━━━ Extracted information

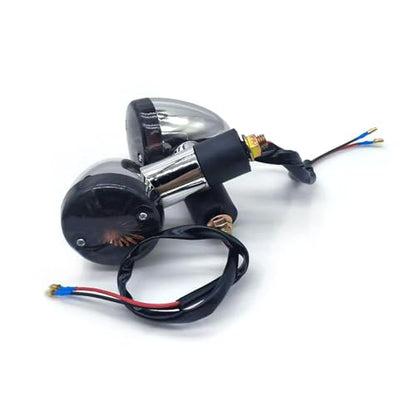 2pcs Universal Motorcycle Turn Signals Front Rear Turn Signal Blinker Light Compatible with Yamaha Motorcycle Bike Cruiser Bobber Chopper Shadow Honda Harley Kawasaki Suzuki (Smoke) - color: Smoke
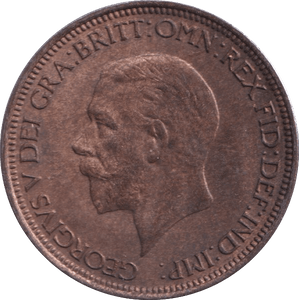 1932 HALFPENNY ( UNC ) - Halfpenny - Cambridgeshire Coins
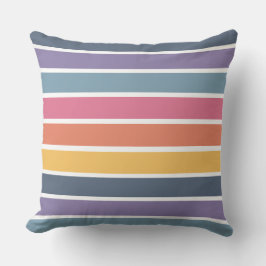 Farbiges Streifenmuster Kissen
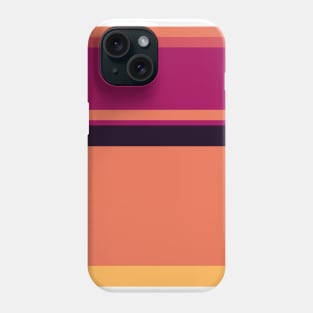 A fantastic hybrid of Licorice, Dark Fuchsia, Faded Red, Light Red Ochre and Pastel Orange stripes. Phone Case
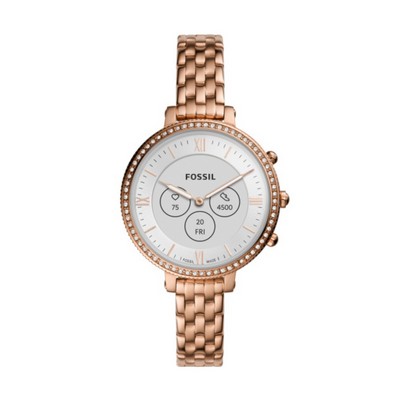 Fossil Smartwatch HR Monroe Rose Gold-Tone Stainless Steel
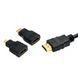 Кабель HDMI, 1,5м, 3в1 micro HDMI, mini HDM, HDMI-HDMI, Черный / Аудио-видео кабель с переходниками / Шнур HDMI 234567747 фото 9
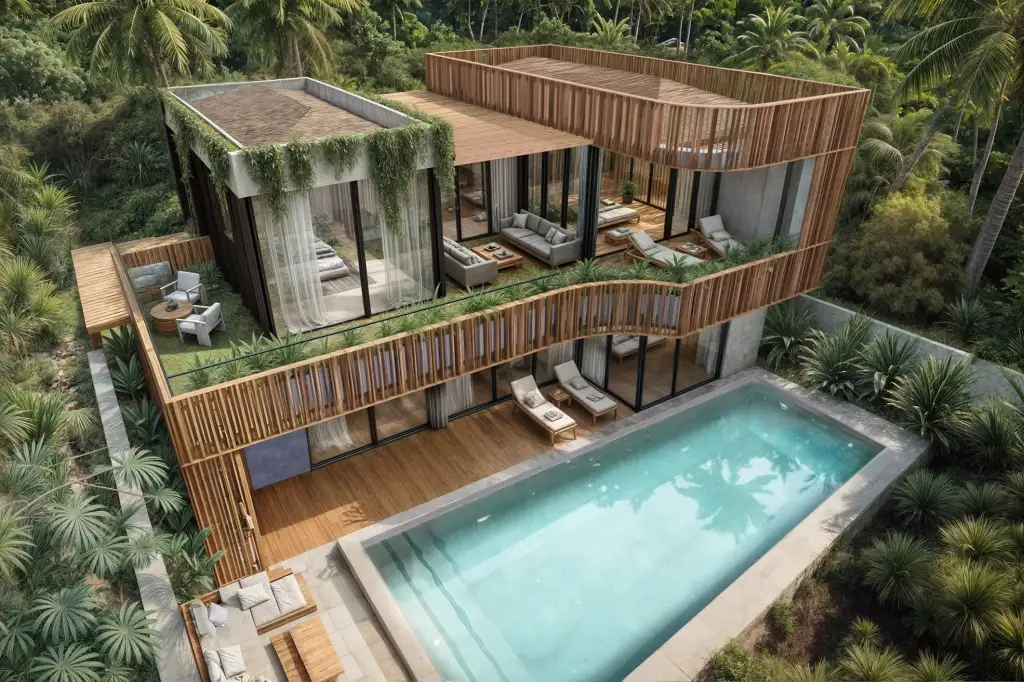 Вилла 172м² в Индонезии, Табанан. Стоимостью 930000$ аренда фото-16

━━━━━━

**How to complete this task:** Transcribe the entries from their first line to the line that holds "Fossil Smartwatch HR", both included, and skip every picture.

**Problem solution:**
 2pcs Universal Motorcycle Turn Signals Front Rear Turn Signal Blinker Light Compatible with Yamaha Motorcycle Bike Cruiser Bobber Chopper Shadow Honda Harley Kawasaki Suzuki (Smoke) - color: Smoke
 1932 HALFPENNY ( UNC ) - Halfpenny - Cambridgeshire Coins
 Farbiges Streifenmuster Kissen
 A fantastic hybrid of Licorice, Dark Fuchsia, Faded Red, Light Red Ochre and Pastel Orange stripes. Phone Case
 Fossil Smartwatch HR Monroe Rose Gold-Tone Stainless Steel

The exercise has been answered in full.